In my last post, I invoked Heidegger’s distinction between the logical and the existential conceptions of science. Heidegger makes this distinction in Being and Time, where he distinguishes between approaching science as “an interconnection of true propositions” and a “mode of Being-in-the-world” that discovers truths (H. 357). He is interested in the ontological conditions of “the theoretical attitude”, we might say.
He emphasizes, however, that it is not merely the opposite of a “practical” attitude. Science (“theoretical exploration”) is not a matter of “hold[ing] back from any kind of manipulation”. On the contrary, Heidegger says, science requires a great deal of practical activity: setting up experiments in physics, preparing slides for observation through the microscope, digging up artifacts for archaeological research. Here, already in 1927, Heidegger is heralding the emergence of what we today call “science studies”, i.e., the interdisciplinary study of science as variety of social and material practices. These practices are of great interest to me as an “inframethodologist”.
Writing plays an important role in them. “Even the ‘most abstract’ way of working out problems and establishing what has been obtained, one manipulates equipment for writing, for example” (H. 358, my emphasis). In fact, Heidegger defined human existence by rereading Aristotle’s characterization of human beings as “rational animals” as “that living thing whose Being is essentially determined by the potentiality for discourse” (H. 25). In this sense, then, Foucault’s early work on “discursive formations” can also be considered an “existential” analysis of science. as well an important part of the transition from the philosophy of science to science studies.

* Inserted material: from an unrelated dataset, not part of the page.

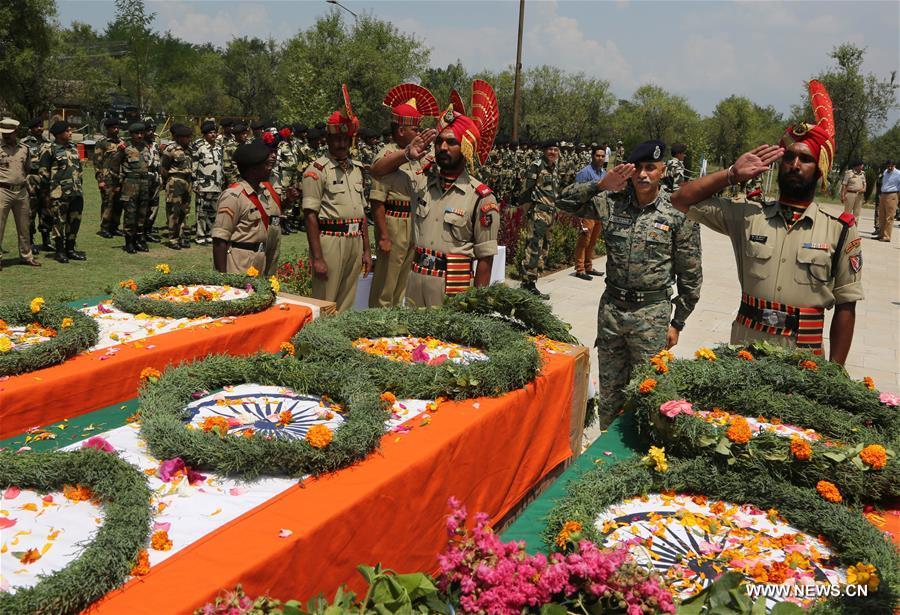 INDIAN-CONTROLLED KASHMIR-SRINAGAR-THREE BORDER GUARDS KILLED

While writing is not the only practical aspect of modern research, it may be the most straightforwardly “existential”, as the slogan “publish or perish” reminds us. Indeed, Heidegger was sometimes uncannily prescient. In “The Age of the World Picture”, he describes what might be called (to play on the title Lyotard’s famous book) “the modern condition”, in which he sees a shift away from “scholarship” and towards “research”:
The scholar disappears. He is succeeded by the research man who is engaged in research projects. These, rather than the cultivating of erudition, lend to his work its atmosphere of incisiveness. The research man no longer needs a library at home. Moreover, he is constantly on the move. He negotiates at meetings and collects information at congresses. He contracts for commissions with publishers. The latter now determine with him which books must be written. (QT, p. 125)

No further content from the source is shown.